Obedience? Wait, don’t you give the orders and your people obey? Well 1st of all, giving orders is not leading, but that’s later. 2nd of all, we all have some guidelines that we need to follow… We all have to obey traffic laws; we have to obey tax and regulatory laws; we have to obey our parents, the police, our teachers… Most importantly we have ethical guidelines that we have to follow–our own moral compass. Hypocrisy is a guaranteed way to lose followers. The pastor that preaches abstinence on Sunday and has an affair on Monday will find his credibility (and his job!) in danger. The father that insists his son do his chores and then finds excuses to watch football instead of the chores he has to do is not leading. The lawyer that has a stack of traffic tickets doesn’t lead.
Now being obedient is not doing what you’re supposed to with a whiney attitude, grudgingly, and reluctantly. That doesn’t inspire all your followers to be obedient to you. There are 10 commandments, not 1000. People complain that they’re mostly “no” statements, but when you think about it, if all 10 were “no” statements, they’re easy to remember! How many people can remember 10 things? Most would be able to. That means that of the 100’s of 1000’s of things you can do, you only have to remember 10 things you cannot or should not do. And, not all 10 commandments are “no” statements. 2 of them are positive: Remember the Sabbath and Honor your parents. So only 8 are “no” statements. Doesn’t that make you happy? Think of it this way: What do the speed limit signs mean? Don’t exceed this speed on this road. That’s pretty simple isn’t it? What if the signs said, “You may drive between 45 and 60 miles an hour during ideal road conditions (dry roads and perfect visual conditions) except if there are emergency vehicles present, during twilight (an hour before sunrise and an hour after sunset), if there are pedestrians or motorcycles present, or if you are physically or mentally impaired. That would make the signs either 2 feet by 3 feet and liable to blow over in any Nebraska wind storm, or the print would be so small as to be illegible to anyone driving on the road. To take it further, biblically, in the beginning, Adam and Eve only had 1 commandment…don’t eat that stuff! One commandment…and they broke it. Oh well.

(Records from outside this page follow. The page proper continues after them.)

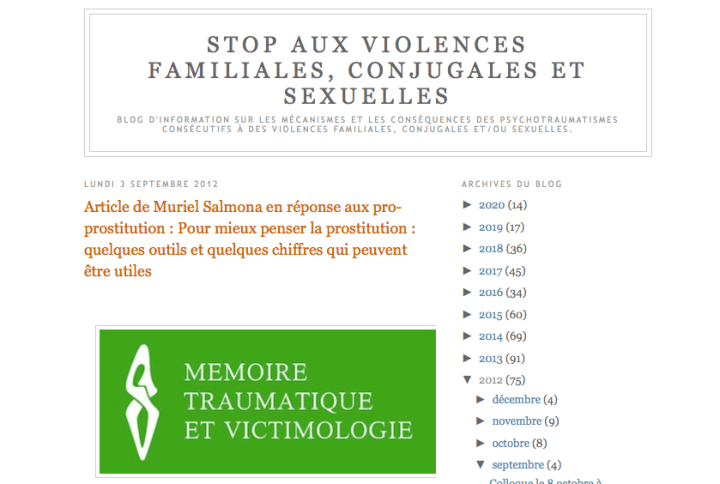 Capture d’écran 2020-07-31 à 17.10.14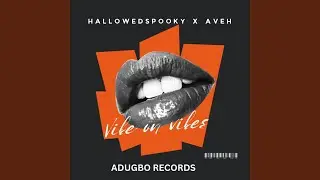 Vibe On Vibes (Extended Version)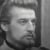 Henri Serre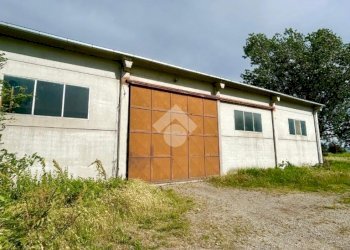 Quadrilocale Via Pilastrino, Calderara di Reno - foto 16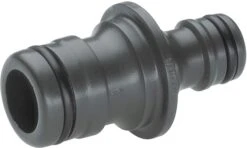 Gardena 02830-20 Profi-System-Reduzierkupplung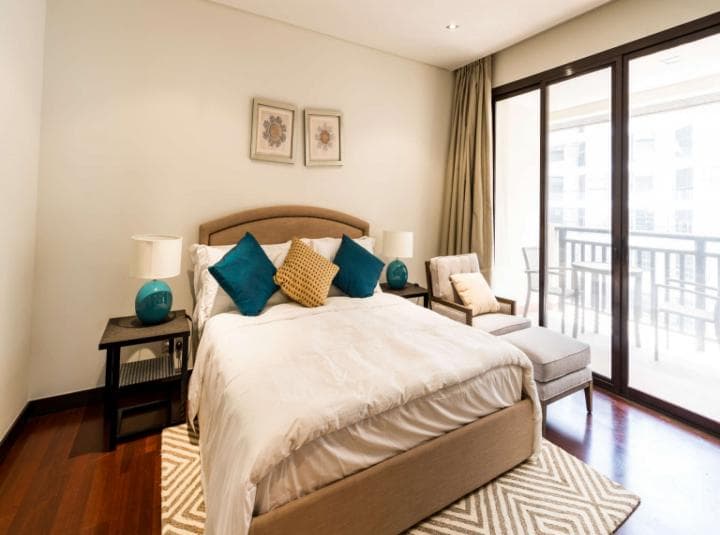 2 Bedroom Apartment For Rent Anantara Residences Lp03433 149a825e0b5b1d00.jpg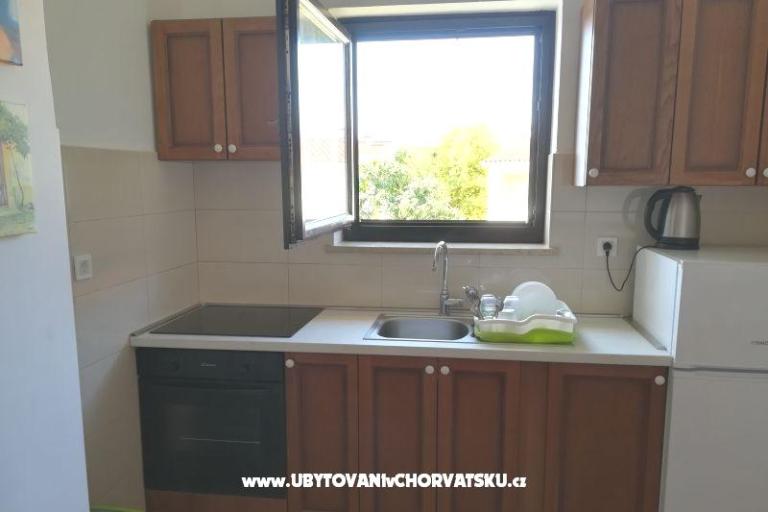 Appartamenti Maršić - Fažana – foto 13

The point is that being obedient is not an odious requirement. You need to have a good attitude. You have to have a set of ethics and guiding principles that you must obey. If you do that, you’re people will pick up on this and will do the same. If they believe you have their best interests at heart, and that you a person of character (see the earlier blogs in this series on leadership), and that you will not risk your integrity by obeying some but not all of your ethical principles, you will not have any challenges with obedience from your team. Of course, if you choose to be cheerfully obedient, it will make everything in your life much less stressful! It’s like a weight taken off of your shoulders! Leaders are not above the law, they incorporate the law into their character. They are cheerfully obedient because following the law and their code of ethics is easier than reinventing the kind of procedures and processes that will be fair to everyone.